It suggests a certain level of tactical inflexibility on offense. McNeill and offensive coordinator Lincoln Riley run the Texas Tech playbook, period. That means no direct snaps or other shenanigans to maximize the strengths of Cooper, a junior-college quarterback and 1,000-yard rusher last year, and too often leads to pass-pass-pass, tunnel-vision play-calling in the second half.

Cooper is the kind of weapon that can make the difference in a game decided by this fine of a margin. The Pirates weren’t far off.

“We just knew if we could get this thing going, we’d be all right,” Carden said.

The Pirates aren’t alone when it comes to inflexibility.
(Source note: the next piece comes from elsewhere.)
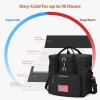 imageMaelstrom Lunch Bag Women23L Insulated Lunch Box For Men WomenExpandable Double Deck Cooler Bag With Side Tissue PocketLavenderF Black with DIY HookandLoop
Virginia Tech quarterback Logan Thomas’ draft stock is declining in value faster than a tranche of subprime California mortgages as he’s continually asked to make throws outside of his comfort zone.

Thomas is capable of consistently hitting receivers around and between the hash marks, no more than 15 yards downfield. Everything else is a coin flip. For every nice throw, like a perfectly weighted 30-yard touchdown to Demitri Knowles, there’s a ball thrown into another zip code. He’s more consistently accurate, at least, than kicker Cody Journell, whose afternoon could have been worse only if he had whiffed.

“Maybe we will get more attractive as the year goes on,” Virginia Tech coach Frank Beamer said. “We are not pretty yet.”

Since the upset of the Hokies in Charlotte to open the 2008 season, the Pirates’ fifth ACC win in a three-year span, East Carolina is 1-11 against the ACC. East Carolina gets two more shots this season, at North Carolina in two weeks and at N.C. State in November.

The Pirates won’t get a better chance than Saturday, at home, against an opponent all too willing to let them hang around.